▶ **Task requirements**
Only an exact copy is wanted: the lines from the one holding "this 640×480 image." through the last line below, minus the pictures.

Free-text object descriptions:
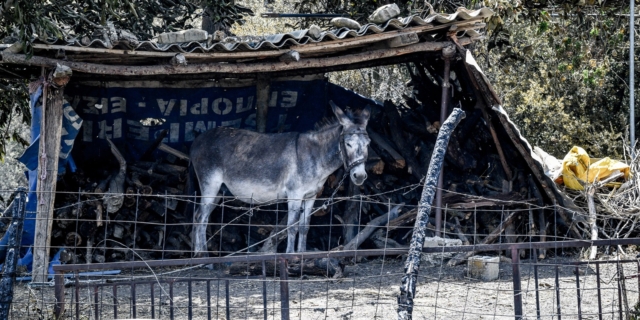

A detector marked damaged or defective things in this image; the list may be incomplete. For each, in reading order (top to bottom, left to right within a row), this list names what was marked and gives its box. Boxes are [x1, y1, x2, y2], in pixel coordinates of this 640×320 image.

rusty roof sheet [35, 6, 492, 53]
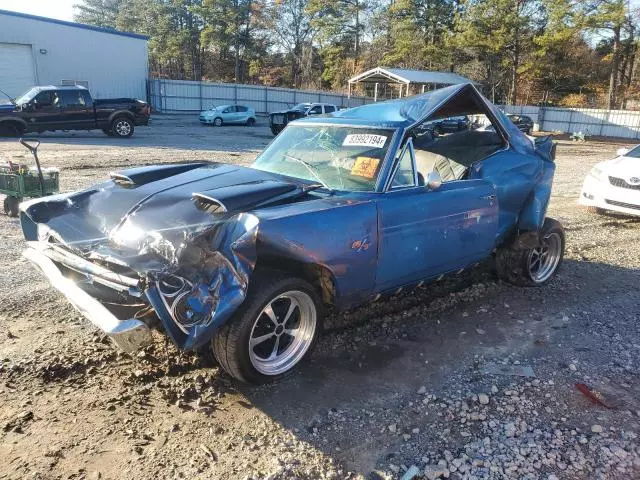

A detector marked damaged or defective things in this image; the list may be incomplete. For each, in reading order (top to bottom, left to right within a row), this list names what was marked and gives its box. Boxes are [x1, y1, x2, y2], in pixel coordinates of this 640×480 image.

smashed front end [18, 164, 296, 352]
crumpled fender [146, 213, 258, 348]
wrecked blue camaro [18, 82, 564, 382]
shattered windshield [252, 124, 392, 191]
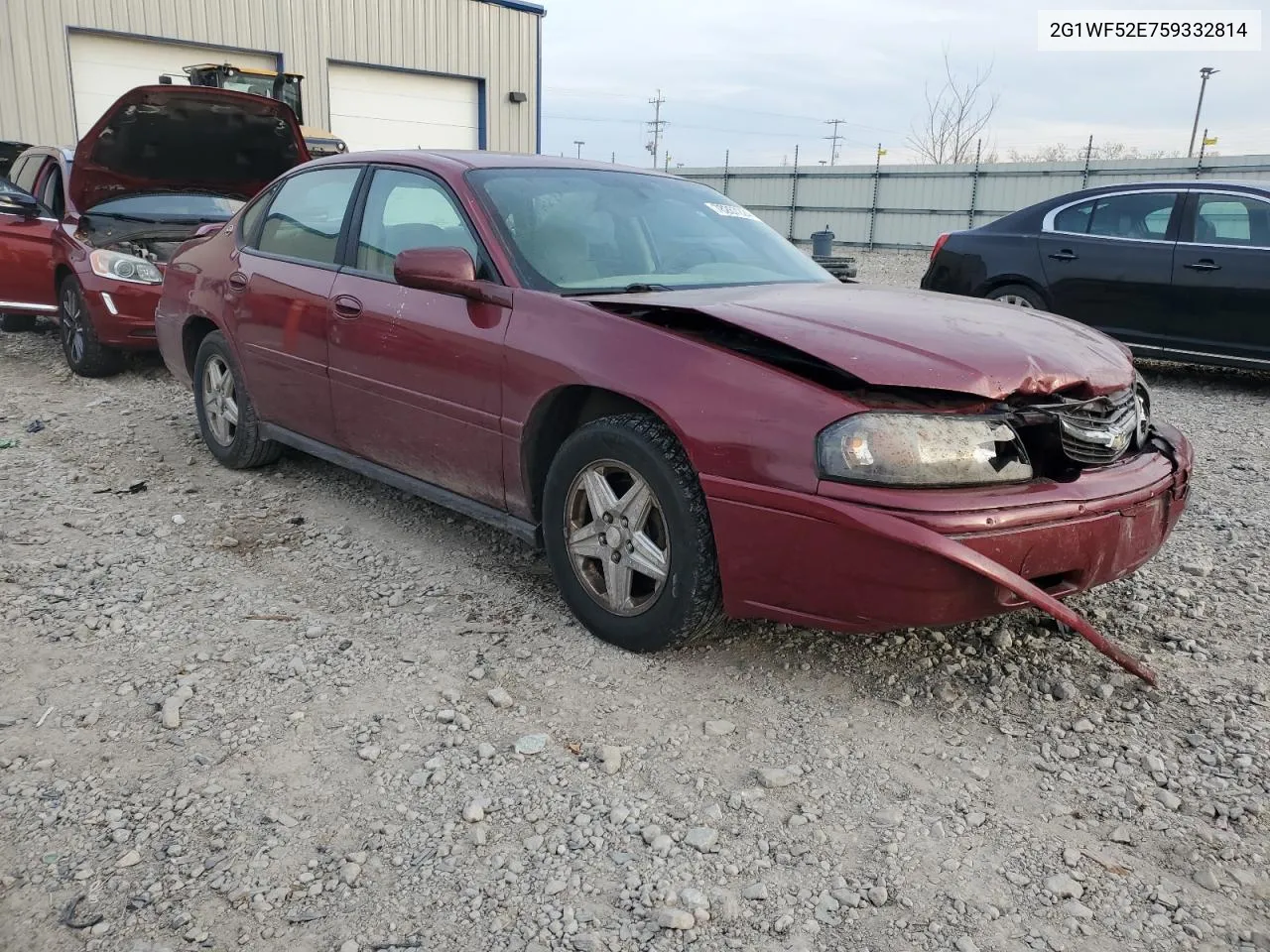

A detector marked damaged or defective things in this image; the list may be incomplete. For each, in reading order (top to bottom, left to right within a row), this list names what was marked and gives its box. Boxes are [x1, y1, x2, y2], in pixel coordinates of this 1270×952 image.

crumpled hood [70, 84, 311, 211]
damaged headlight assembly [87, 247, 161, 286]
crumpled hood [581, 283, 1132, 404]
damaged headlight assembly [818, 414, 1036, 487]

▶ **Exercise result**
A detector marked damaged or defective things in this image; the list may be incomplete. For each, in reading order (top to bottom, left to right within a row), this list names what was marked and gives its box. Boxes are [x1, y1, x2, y2], in pixel coordinates of this 640×480 image.

smashed front end [18, 164, 296, 352]
crumpled fender [146, 213, 258, 348]
wrecked blue camaro [18, 82, 564, 382]
shattered windshield [252, 124, 392, 191]

A detector marked damaged or defective things in this image; the list may be incomplete. For each, in reading order (top to bottom, left to right within a row), this list names what was marked and gives its box. Boxes are [x1, y1, x2, y2], in pixel coordinates of this 1270×952 image.

crumpled hood [70, 84, 311, 211]
damaged headlight assembly [87, 247, 161, 286]
crumpled hood [581, 283, 1132, 404]
damaged headlight assembly [818, 414, 1036, 487]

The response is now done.